Le secondaire s’impose de plus en plus comme une quatrième voie, alternative aux IPO, cessions à un stratégique et nouveaux buyout. MBO+ l’a récemment emprunté pour ses participations LT et Osmaïa. Astorg, qui s’y est déjà essayé en 2022 avec IQ-EQ dans le cadre d’une opération de 1,3 Md€, s’adonne de nouveau à cette pratique pour Normec. Le gérant paneuropéen monte un fonds de continuation afin de poursuivre l’aventure au capital de ce groupe néerlandais de test, inspection, compliance et certification (TICC). Il en avait pris le contrôle en 2020, en relayant Summit Partners et en s’associant au management emmené par Joep Bruins, le fondateur, qui conservait 16 % des titres. Après avoir quadrupler la taille de cette entreprise, notamment grâce à 40 build-up, pour lui permettre d’afficher 470 M€ de chiffre d’affaires pour environ 90 M€ d’Ebitda en 2023, Astorg s’est entouré de Jefferies et Lazard afin de marquer un point d’étape. La solution du secondaire est apparue comme la plus créatrice de valeur. L’investisseur a donc monté Normec Continuation Fund, en s’appuyant sur CVC Secondary Partners, Pantheon, Lexington Partners et Eurazeo. Au-delà de l’apport de ces spécialistes du secondaire, Astorg réinvestit via son fonds VII aux côtés de LPs (nouveaux et historiques de la société de gestion) et du management. Ce fonds, « sursouscrit » est doté de 1,4 Md€.

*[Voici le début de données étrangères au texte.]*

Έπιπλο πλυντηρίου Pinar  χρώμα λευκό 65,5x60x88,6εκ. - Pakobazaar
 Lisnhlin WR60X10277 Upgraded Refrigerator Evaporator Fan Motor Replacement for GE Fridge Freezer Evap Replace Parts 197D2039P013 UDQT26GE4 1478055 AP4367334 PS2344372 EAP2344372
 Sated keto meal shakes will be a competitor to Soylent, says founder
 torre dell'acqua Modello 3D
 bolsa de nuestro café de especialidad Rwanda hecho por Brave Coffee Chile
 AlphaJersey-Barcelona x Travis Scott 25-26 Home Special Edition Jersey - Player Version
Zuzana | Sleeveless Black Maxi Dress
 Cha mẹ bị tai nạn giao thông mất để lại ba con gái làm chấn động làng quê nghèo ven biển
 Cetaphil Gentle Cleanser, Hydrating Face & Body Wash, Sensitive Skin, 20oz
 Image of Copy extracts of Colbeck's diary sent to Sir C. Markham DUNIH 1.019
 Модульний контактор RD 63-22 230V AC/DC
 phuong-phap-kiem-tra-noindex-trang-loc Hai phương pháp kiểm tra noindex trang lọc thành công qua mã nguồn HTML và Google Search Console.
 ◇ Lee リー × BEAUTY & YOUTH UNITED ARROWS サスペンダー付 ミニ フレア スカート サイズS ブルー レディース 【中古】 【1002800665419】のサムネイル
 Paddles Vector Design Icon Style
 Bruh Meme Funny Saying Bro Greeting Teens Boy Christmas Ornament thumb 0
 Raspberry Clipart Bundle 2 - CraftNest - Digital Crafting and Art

Refinancement des 580 M€ de dette
Cette somme comprend les fonds nécessaires pour racheter Normec – qui se trouverait valorisée entre 1,5 Md€ et 2 Md€, selon nos estimations -, ainsi que des capitaux additionnels pour financer la prochaine étape de la croissance du néerlandais. « Nous avons parfaitement déroulé le plan stratégique initial entre 2020 et aujourd’hui, évoque Benjamin Cordonnier, associé business services et head of portfolio performance. Nous avons estimé, en accord avec le management, que le fonds de continuation était la meilleure option pour donner le temps et les capitaux nécessaires à la société pour poursuivre son ambitieux développement. » Le refinancement de la cible n’est généralement pas obligatoire dans le cadre d’un continuation fund car ce type d’opération n’est pas considéré comme un changement d’actionnaire de contrôle. Cependant, Astorg a préféré remettre à plat le passif de sa participation. Ainsi, les 580 M€ de dettes existantes ont été remboursés via la levée de 565 M€ de term loan B et 26 M€ puisés dans la trésorerie de la société, selon S&P. A cette nouvelle facilité s’ajoutent 120 M€ de RCF et 100 M€ de ligne de capex. L’agence de notation, qui attribue la note de B à Normec, estime que le levier devrait tourner autour des 6,6 fois l’Ebitda du groupe à fin 2023. Ce levier exclut l’endettement du fonds de continuation. Si, à date, ce fonds est abondé à 100 % en equity, Astorg devrait, dans un futur proche, y insérer du levier.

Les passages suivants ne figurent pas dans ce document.